*Task instructions*:
Starting with the first line of the material, reproduce exactly each line up to and including the one that contains "Copy the link", leaving out every picture.

*Material provided*:

|---|

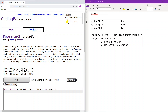Recursion 2: Group Sum. Given an array of ints, is it possible to choose a group of some of the ints such that the group sums to the given target? This is a classic backtracking recursion problem. Our convention is to consider the part of the array starting at index start and continuing to the end of the array.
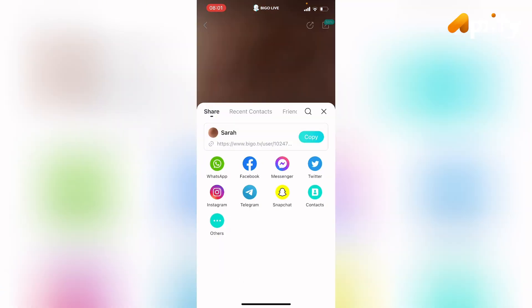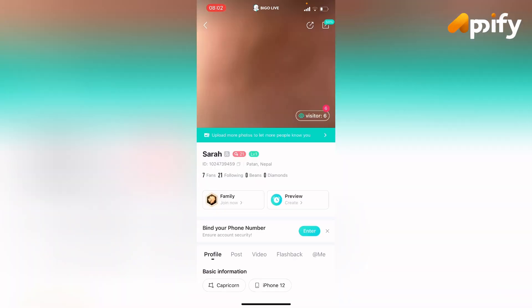Copy the link and paste it wherever you want to share, or you can also directly share to WhatsApp, Facebook, Messenger, Twitter, Instagram, Telegram, Snapchat, and many others. In this way you can share your Bigo Live profile.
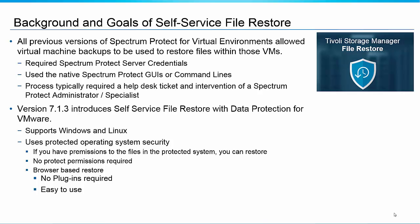From a security perspective we're going to use the operating system credentials to determine permissions to restore files. So if you have permissions on the operating system that you want to restore to then you're going to have the permissions to restore the files in that operating system. The other thing that makes it very easy for an end user to use is it is a single purpose browser based interface.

|---|

*Solved exercise*:
Recursion 2: Group Sum. Given an array of ints, is it possible to choose a group of some of the ints such that the group sums to the given target? This is a classic backtracking recursion problem. Our convention is to consider the part of the array starting at index start and continuing to the end of the array.
Copy the link and paste it wherever you want to share, or you can also directly share to WhatsApp, Facebook, Messenger, Twitter, Instagram, Telegram, Snapchat, and many others. In this way you can share your Bigo Live profile.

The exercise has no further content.